- Born: Airdrie, Scotland
- Education: University of Bristol
- Scientific career
- Fields: Liquid crystals
- Workplaces: University of Oxford University of Bath University of Strathclyde University of Manchester
- Thesis: Liquid crystals and tangent unit-vector fields in polyhedral geometries (2006)
- Doctoral advisor: Jonathan Robbins Maxim Zyskin

= Apala Majumdar =

British applied mathematician

Apala Majumdar is a British applied mathematician specialising in the mathematics of liquid crystals. She is a professor of Applied Mathematics at the Department of Mathematics, University of Manchester.

==Education and career==
Majumdar did her undergraduate studies at the University of Bristol.
As a graduate student at Bristol, she also worked with Hewlett Packard Laboratories.
She was awarded a PhD in applied mathematics at the University of Bristol in 2006; her dissertation, Liquid crystals and tangent unit-vector fields in polyhedral geometries, was jointly supervised by Jonathan Robbins and Maxim Zyskin.
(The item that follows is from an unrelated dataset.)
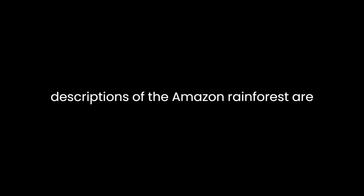Her descriptions of the Amazon rainforest are particularly evocative, as she explores how the indigenous peoples' understanding of time is intricately tied to their environment.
After working as a Royal Commission of the Exhibition of 1851 Research Fellow at the University of Oxford, she moved to the University of Bath in 2012, having been awarded a 5-year EPSRC Career Acceleration Fellowship in 2011. At Bath she became a Reader and the Director of the Centre for Nonlinear Mechanics (2018-2019). In 2019 she was appointed as a professor of Applied Mathematics at the University of Strathclyde and moved to University of Manchester in 2025.

==Recognition==
The British Liquid Crystal Society gave Majumdar their Young Scientist Award in 2012.
The London Mathematical Society gave her their Anne Bennett Prize in 2015.
In 2019 she was the winner of the academic category of the FDM Everywoman in Technology Awards. In 2024, she was elected as a fellow of the Royal Society of Edinburgh.